The current version of the manuscripts lacks important information on the model simulations. Farley et al. refer to other publications, however, they cannot expect that every referee or reader reads three additional papers to understand what actually has been done in this study. Therefore, some repetition of information is unavoidable. For example, the simulation runs used for training and validation should be shortly described, e.g. the information should be added for which time period the simulations have been performed and what set-up has been used.
Specific comments:
P3, L71: How many years have been used or are needed for training?
P3, L74: Which one or two climate models? Are you referring here to specific climate models or do you mean one or to models in general?
P3, L77ff: Which algorithm has been used for training? How does the input data for CIDER look like (e.g. dimension?)
P3, L80: “computes global mean climate variables”? How have these been computed? Which physics are behind these computations? Has a model been used?
P4, L90-92: I cannot follow you what actually has been done here.
P4, L94: What is the impulse response?
Section 2.1: It would be quite helpful if Section 2.1 could be split into two or three subsections to be more concise.
P6, L135: How many years have been used for training?
P6, L136: What exactly do you mean with simulation types? Simply to different simulations (set-ups)?
P6, L157-P7, L168: Move this paragraph higher up. This actually should be the first subsection in Section 2 since the description of the used climate models is essential for understanding what you have done.
P7, L168: The abbreviation PI has not been introduced.
P7, L172: For which years has the simulation been performed? Provide this information as well as the most important settings used.
P7, !79: Are these the training scenarios or has all this done in one scenario? I thinks it needs to be more clearly be pointed out what has been done.
P8, Table 1: Are the latitudes given here the latitudes where SO2 has been injected? More details should be added in the table so that the reader can understand what has been done without reading three other papers. Last row: Add also here more information than just referring to Sect. 2.3.
P9, L205: Do you mean AOD, temperature and precipitation are shown in Sect. 3, but evaporation only in Appendix A1? Could this be more clearly stated?
P9, L206: In Fig. 2 time series are shown. This should be mentioned in the text and also what time period is shown should be mentioned.
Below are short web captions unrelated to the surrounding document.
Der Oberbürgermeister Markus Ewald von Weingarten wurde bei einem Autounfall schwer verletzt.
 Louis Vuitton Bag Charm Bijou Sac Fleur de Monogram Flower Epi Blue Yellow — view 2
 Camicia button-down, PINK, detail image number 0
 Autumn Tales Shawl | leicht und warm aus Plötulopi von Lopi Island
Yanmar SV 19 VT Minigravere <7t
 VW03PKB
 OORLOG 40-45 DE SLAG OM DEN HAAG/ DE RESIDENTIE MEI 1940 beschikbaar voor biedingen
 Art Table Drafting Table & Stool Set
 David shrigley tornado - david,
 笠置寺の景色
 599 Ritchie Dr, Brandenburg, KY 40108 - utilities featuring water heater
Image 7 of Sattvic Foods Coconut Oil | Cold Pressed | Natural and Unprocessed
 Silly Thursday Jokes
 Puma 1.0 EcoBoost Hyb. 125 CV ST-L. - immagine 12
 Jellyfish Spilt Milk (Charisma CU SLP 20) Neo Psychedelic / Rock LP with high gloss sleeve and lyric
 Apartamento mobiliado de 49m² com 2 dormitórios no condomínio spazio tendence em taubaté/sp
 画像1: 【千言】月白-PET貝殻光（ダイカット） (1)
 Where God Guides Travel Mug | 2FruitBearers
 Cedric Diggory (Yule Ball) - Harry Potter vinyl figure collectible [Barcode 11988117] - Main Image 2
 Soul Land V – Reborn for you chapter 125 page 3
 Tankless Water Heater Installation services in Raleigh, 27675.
P9, L207: validation of what?
P9, L207: Which SAI scenarios have been considered should be explicitly be mentioned.
P10, Figure 10 caption: How can this be an average over 2020-2039 when a time series is shown?
P11, Figure 3: What is meant with SE normalized?
P11, Figure 3 caption: Which simulation period has been considered?
P12, Figure 4 caption: It should be clearly mentioned in the caption that time series are shown.
P13, Figure 5 caption: Mention that a time series is shown.
P14, Figure 6 and Figure 6 caption: Description in the caption and lines shown in the legend do not agree.
P14, L262: This is rather a discussion than a conclusion section.
P15, L271-278: This is a very important point and should be much earlier in the manuscript be mentioned. I would suggest to move this (or additionally mention this) In the introduction.
P17, L344-346: This does not belong to the conclusion section and should rather be provided in the code and data availability section.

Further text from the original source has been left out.